A chain and sprocket drive indicated at 56 in FIGS. 1 and 4 transmits power from the
main shaft 54 to the
rollers 14, 15 to drive the first conveyor belt. A second chain and sprocket drive 57' is coupled to the
rollers 25, 26 to drive the
second conveyor belt 24. In this manner all of the machine elements transporting the dough strings through the apparatus can be moved in unison.

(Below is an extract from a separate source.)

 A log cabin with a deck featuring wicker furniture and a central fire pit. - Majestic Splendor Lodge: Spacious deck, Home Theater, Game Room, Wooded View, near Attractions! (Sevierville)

It will be seen from an examination of FIG. 1 that the
roller 26 at the discharge end of the
conveyor belt 24 is located directly above the
drum 29. As a result, the dough strings 11 are brought into contact with the
roller grooves 32 at a point below the top of the drum on the surface beyond the discharge end of the conveyor belt. In this area, the
seeds 18 can be directed both into and around the dough strings at the same time, making it possible to produce a bread stick completely covered with seeds in a continuous, relatively high speed operation.
While the preferred embodiment has been shown with two
conveyor belts 13, 24, it is within the purview of the present invention to use a single conveyor belt. In addition, the conveyor belts may be disposed horizontally, or at other angular positions without departing from the spirit of the present invention.